My friend Todd and I were driving to Jacksonville after another big Orlando/Gainesville meetup/reunion in Cocoa Beach. We were playing my Wussrock playlist - you know, AM Gold, Yacht Rock, the sort
of songs where they use the word 'lady' a lot. You heard it on the radio if you grew up in the
'70s. If you grew up a little later, you were probably
conceived to it.
Todd and I were roommates in Gainesville years ago. We could...well, honestly we could be pretty annoying when together. Actually, I've got a fairly large group of people like that. Everyone has in-jokes with their friends, I've managed to meet and befriend a few who could stretch those in-jokes past the point of comedy, way past annoyance, barrelling past anger, and finally into hysteria. Well, hysteria for us, anyway.

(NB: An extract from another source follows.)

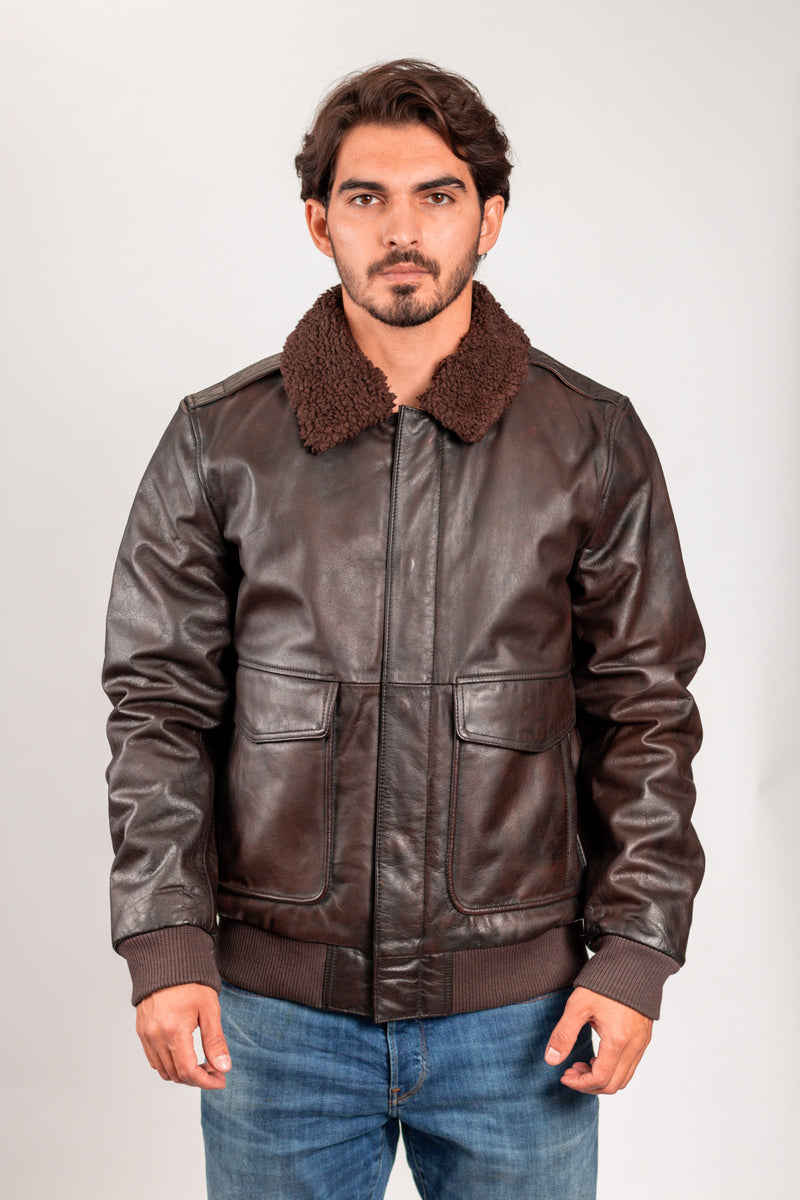 Mens Bomber Leather Jacket Brown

We were playing Gerry Rafferty's hit
"Baker Street" (You'll know it when you hear it) and one of us came up
with the idea of President Obama playing the sax solo in it. Here, now it's in your head:
naturally led us into all sorts of scenarios - Obama practicing daily
in the Oval Office anxious to show his sax skills to the public, a public
address where he would announce "America, we are a strong nation. But we
are never stronger when we can share the gift of entertainment to the
world. That is why I have gathered you together tonight. Folks, I've been practicing these tasty sax licks for a year now, and here is my gift to you, the American people. Ladies and Gentlemen, please welcome the great Gerry Rafferty."
Needless to say, our Obama impressions were flawless. Or we'd do an impression of a secret service agent seconds before the sax solo hits: "Mr. President! You're on!" This one in particular would crack us up. We then expanded our joke to having President Clinton step in for the guitar solo at about 4:45 if you're following along on Youtube. I'm pretty sure we were picturing him doing the 'guitar face' where you sort of half close your eyes and bite your lip. At least I was.
You could argue that this scenario is not funny. I probably wouldn't argue too strongly with you. It could have been the consequence of a long car ride, lots of caffeine and boredom. But it made us laugh and passed the time.
Couple weekends later I was in Atlanta. After a few drinks Todd and I couldn't stop our Obama sax routine. Predictably, our comedy was lost on the squares, who pointed out things like the fact that Clinton played the sax, not Obama, or that we were being annoying and stupid. Much like Lenny Bruce or Richard Pryor, we were just ahead of our time.